Would you output the entries below only from the line containing "Daily Pipe - GantsGantsNeff" through the line containing "Интериорна кора задна", exactly as they stand and with both ends included?

- **Input data**:
○ ○ ○ ○ ○

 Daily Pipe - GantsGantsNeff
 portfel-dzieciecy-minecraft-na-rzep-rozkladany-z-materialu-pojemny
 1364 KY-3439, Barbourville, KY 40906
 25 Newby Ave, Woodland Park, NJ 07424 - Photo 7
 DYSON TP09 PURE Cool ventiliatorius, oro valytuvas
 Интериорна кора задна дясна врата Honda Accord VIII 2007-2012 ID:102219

○ ○ ○ ○ ○

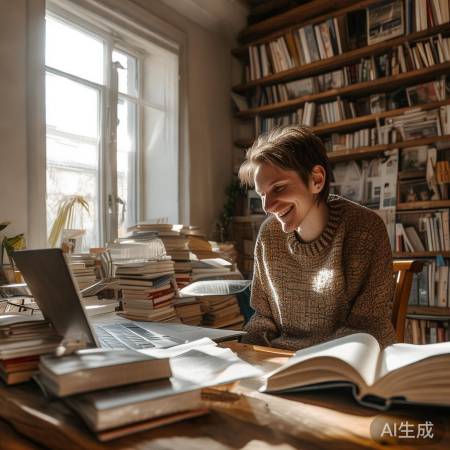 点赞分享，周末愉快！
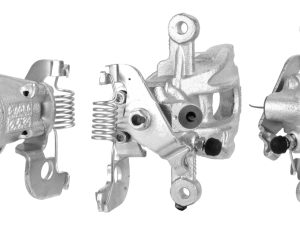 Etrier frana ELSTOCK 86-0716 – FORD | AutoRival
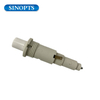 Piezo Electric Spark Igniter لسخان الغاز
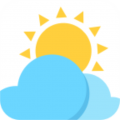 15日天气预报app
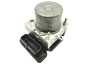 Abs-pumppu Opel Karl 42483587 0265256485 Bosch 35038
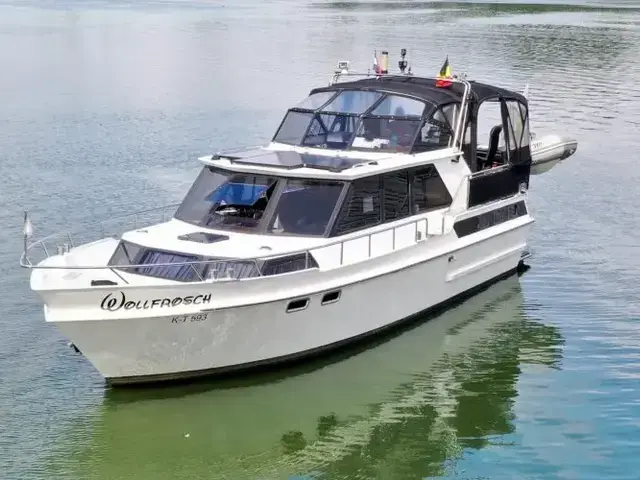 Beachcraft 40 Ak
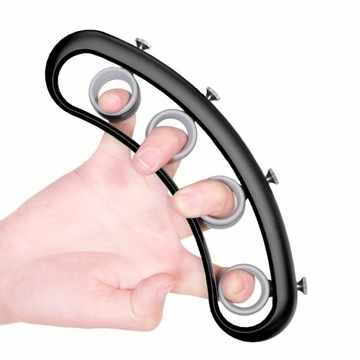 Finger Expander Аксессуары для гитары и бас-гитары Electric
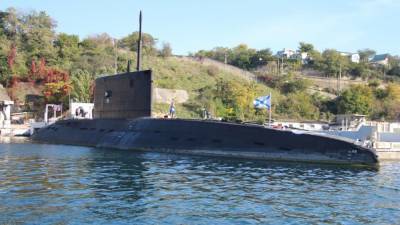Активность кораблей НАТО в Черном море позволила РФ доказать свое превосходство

○ ○ ○ ○ ○

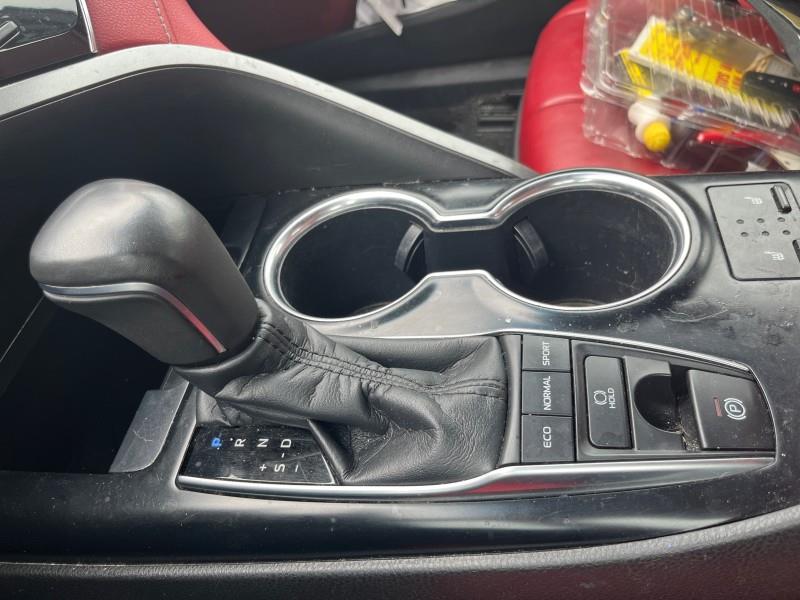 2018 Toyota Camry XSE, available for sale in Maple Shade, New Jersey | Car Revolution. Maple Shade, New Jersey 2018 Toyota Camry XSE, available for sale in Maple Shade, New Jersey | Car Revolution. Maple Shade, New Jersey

○ ○ ○ ○ ○

- **Answer section**:
 Daily Pipe - GantsGantsNeff
 portfel-dzieciecy-minecraft-na-rzep-rozkladany-z-materialu-pojemny
 1364 KY-3439, Barbourville, KY 40906
 25 Newby Ave, Woodland Park, NJ 07424 - Photo 7
 DYSON TP09 PURE Cool ventiliatorius, oro valytuvas
 Интериорна кора задна дясна врата Honda Accord VIII 2007-2012 ID:102219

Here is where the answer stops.